The 2012 class will be expanded to allow for a more detailed presentation of the topics taught this year, as well as new subjects such as: hardscape construction, small motor maintenance, and swale installation. The veterans will receive 75 hours of classroom instruction and 175 hours of hands-on experience over a more intense 8-week program. This year’s class began in the spring and finished in the early fall, which was not ideal with regard to timing for finding a landscaping or stormwater management job. The 2012 class will begin in January and conclude by early spring so that the graduates will be finished with their training in time for the spring landscaping recruitment period. RCE and the VA administration are also planning on hosting a job fair next spring to connect the program graduates to potential local employers.

Results and Conclusions

The roof runoff captured by the 4 installed rain barrels is being used in the site’s greenhouse, gardens, and flower beds. This rainwater harvesting is not only preventing the flow of stormwater into nearby buildings by directing overflow from the barrels away from the hospital, but is also reducing the facility’s potable water use. Although New Jersey’s overall water consumption has been decreasing, the percentage of water used for drinking water has increased nearly 8 percent over 10 years (Kenny et al., 2009). The rain barrels were constructed by the veterans from recycled plastic drums for which the facility was paying for the disposal of each month. The rain barrel installations are not only conserving 12,000 gallons of potable water per year, but are also saving the hospital money by reducing water demand and by reducing the need for drum removal.

Prior to this year’s class, the sidewalk from the bus stop to the main entrance of the VA hospital would routinely flood. The runoff from the large parking lot above the main entrance would flow across a grassy area, submerge the sidewalk, and leave a muddy trail as it made its way to the stormdrain at the bottom of the street. Due to these stormwater issues, RCE and the VA administration decided that the grassed section between the parking lot and the sidewalk would be ideal for a rain garden. The veterans installed and planted the rain garden soon after the introductory rain garden lecture. Minutes after the installation, a heavy rain began to fall and the group saw how the rain garden captured and infiltrated runoff, which reinforced the ideas presented during the in-class session. The sidewalk is now safe for patients with limited mobility as they do not have to maneuver around large runoff flows or icy patches that had formed at that location previously. This rain garden is preventing 28,000 gallons of stormwater runoff from entering the sewer system and has greatly reduced flooding in a high-traffic area.

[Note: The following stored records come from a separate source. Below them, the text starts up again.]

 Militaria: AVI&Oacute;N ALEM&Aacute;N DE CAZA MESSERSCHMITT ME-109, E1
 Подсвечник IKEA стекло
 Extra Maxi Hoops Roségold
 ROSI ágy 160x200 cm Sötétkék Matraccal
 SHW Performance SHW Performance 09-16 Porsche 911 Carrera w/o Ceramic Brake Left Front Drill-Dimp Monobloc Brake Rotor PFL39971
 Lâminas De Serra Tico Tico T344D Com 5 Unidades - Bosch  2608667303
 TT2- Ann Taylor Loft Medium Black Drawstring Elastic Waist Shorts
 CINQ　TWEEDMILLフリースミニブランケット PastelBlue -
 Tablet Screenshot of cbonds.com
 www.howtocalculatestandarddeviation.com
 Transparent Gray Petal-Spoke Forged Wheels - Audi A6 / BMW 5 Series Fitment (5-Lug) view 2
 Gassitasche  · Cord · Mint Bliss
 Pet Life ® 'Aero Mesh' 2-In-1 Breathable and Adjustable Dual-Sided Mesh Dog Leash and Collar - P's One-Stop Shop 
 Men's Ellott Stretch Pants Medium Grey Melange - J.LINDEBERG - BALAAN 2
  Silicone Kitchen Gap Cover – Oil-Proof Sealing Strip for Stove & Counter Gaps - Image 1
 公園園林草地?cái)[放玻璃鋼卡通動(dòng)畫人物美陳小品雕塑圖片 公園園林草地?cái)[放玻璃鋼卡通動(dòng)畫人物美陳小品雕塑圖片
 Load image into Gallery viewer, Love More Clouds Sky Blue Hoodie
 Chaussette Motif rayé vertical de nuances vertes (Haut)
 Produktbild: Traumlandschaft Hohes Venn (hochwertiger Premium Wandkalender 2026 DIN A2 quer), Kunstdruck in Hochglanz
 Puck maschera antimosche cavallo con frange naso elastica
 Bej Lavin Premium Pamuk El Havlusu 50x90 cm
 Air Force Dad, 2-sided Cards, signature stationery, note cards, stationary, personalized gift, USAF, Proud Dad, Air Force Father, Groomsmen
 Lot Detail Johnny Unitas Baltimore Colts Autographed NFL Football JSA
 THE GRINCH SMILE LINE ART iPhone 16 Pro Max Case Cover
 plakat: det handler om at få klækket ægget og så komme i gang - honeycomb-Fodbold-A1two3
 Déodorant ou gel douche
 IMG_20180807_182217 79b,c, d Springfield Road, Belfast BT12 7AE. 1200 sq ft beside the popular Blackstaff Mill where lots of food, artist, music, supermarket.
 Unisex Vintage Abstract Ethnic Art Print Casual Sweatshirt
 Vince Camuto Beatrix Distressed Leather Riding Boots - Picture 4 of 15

Several of the VA administrators and the Planetree coordinator at the East Orange VA Campus were involved in the decision-making regarding the location of the onsite installations and they are pleased with the results, as the stormwater management installations are already having impact around the VA grounds. Overall, the Veterans Sustainable Landscape and Stormwater Management class has installed stormwater management controls that will reduce the stormwater generated onsite by 40,000 gallons per year. The demand for drinking water at the facility will be reduced by 12,000 gallons per year. The community gardens at the hospital campus have produced more than 2,000 pounds of local, sustainably-grown vegetables in 2011. 

The students in the class have also increased their awareness of the importance of stormwater management, sustainable landscaping, and environmental issues. This may lead to continued environmental stewardship in the students’ neighborhoods and communities, as well as the sharing of their newly-acquired knowledge with others. Recently, the unemployment rate for veterans was greater than 13 percent, while that of the overall population was 9 percent (US Bureau of Labor Statistics, 2011). Four of the 16 veterans who have participated in previous classes have gone on to find landscaping jobs or start their own companies.